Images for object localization
=== Begin Enclosure ===

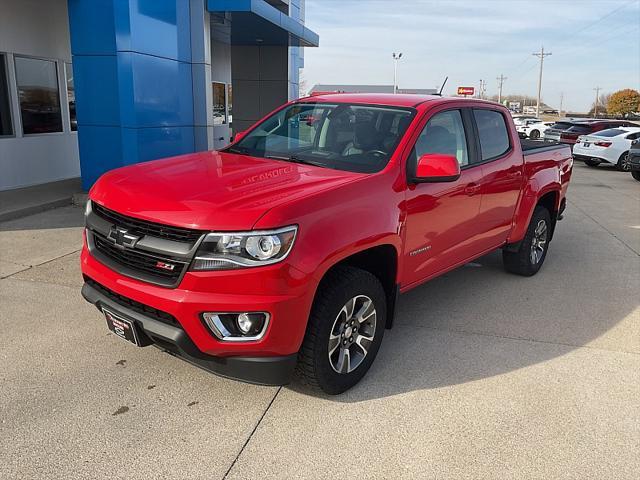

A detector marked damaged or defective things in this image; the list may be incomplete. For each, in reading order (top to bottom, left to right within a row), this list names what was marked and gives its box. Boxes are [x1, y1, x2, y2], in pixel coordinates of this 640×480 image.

pavement crack [221, 386, 282, 480]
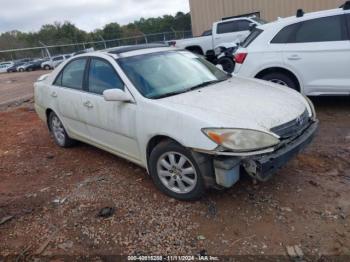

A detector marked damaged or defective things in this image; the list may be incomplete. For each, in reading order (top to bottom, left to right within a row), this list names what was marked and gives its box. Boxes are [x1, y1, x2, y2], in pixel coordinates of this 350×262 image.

cracked headlight [202, 128, 278, 152]
damaged front bumper [202, 121, 320, 188]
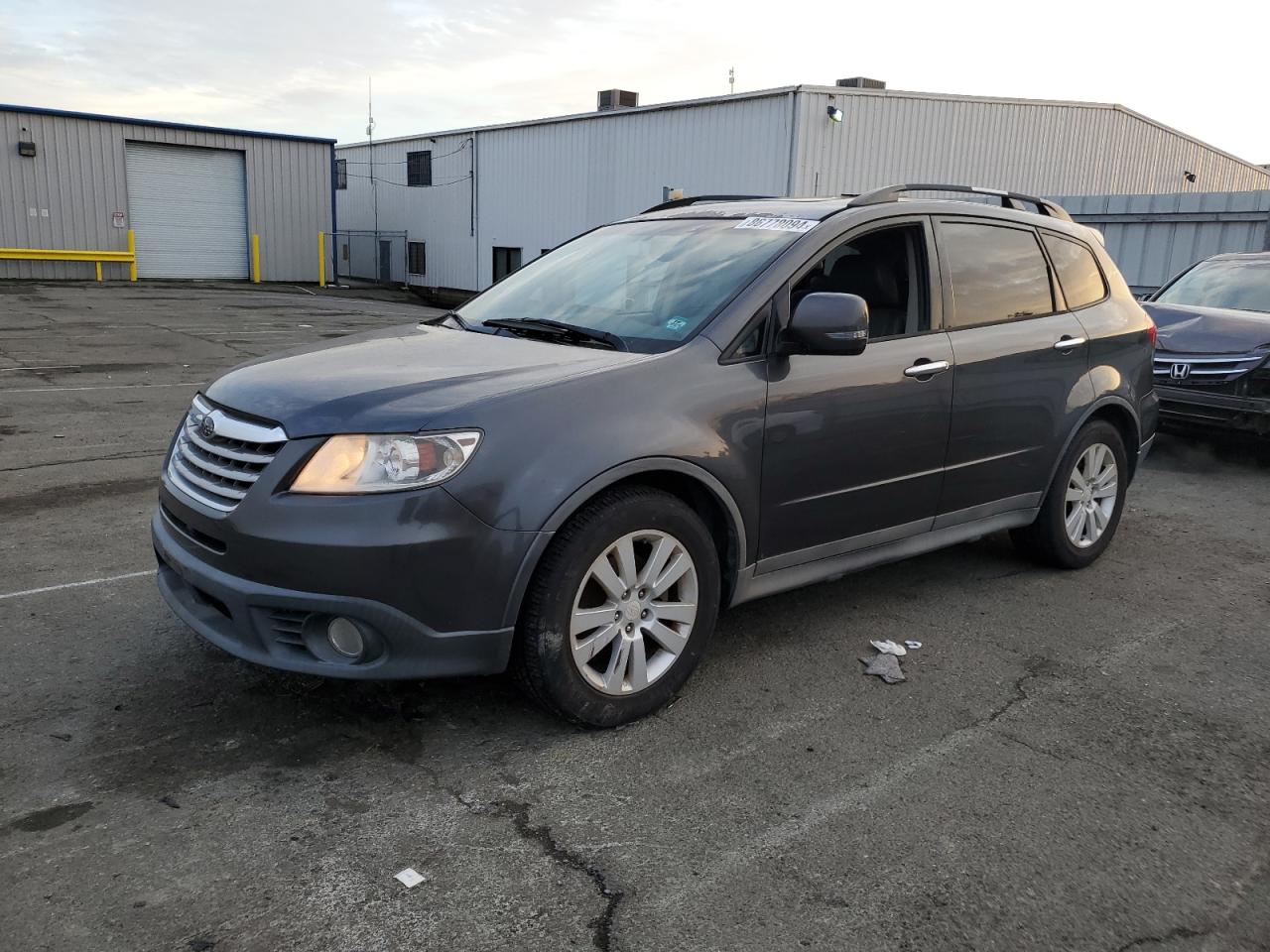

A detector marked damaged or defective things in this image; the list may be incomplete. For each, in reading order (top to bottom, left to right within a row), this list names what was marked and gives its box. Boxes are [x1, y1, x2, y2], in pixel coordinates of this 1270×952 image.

cracked asphalt [2, 282, 1270, 952]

=== End Enclosure ===

**Required action**
Please make an exact copy of the lines from the one holding "this 1270×952 image." through the final line of the records above, nothing more.

**Response below**
A detector marked damaged or defective things in this image; the list may be incomplete. For each, in reading order (top to bottom, left to right within a row), this list names what was marked and gives its box. Boxes are [x1, y1, x2, y2], in pixel coordinates of this 1270×952 image.

cracked asphalt [2, 282, 1270, 952]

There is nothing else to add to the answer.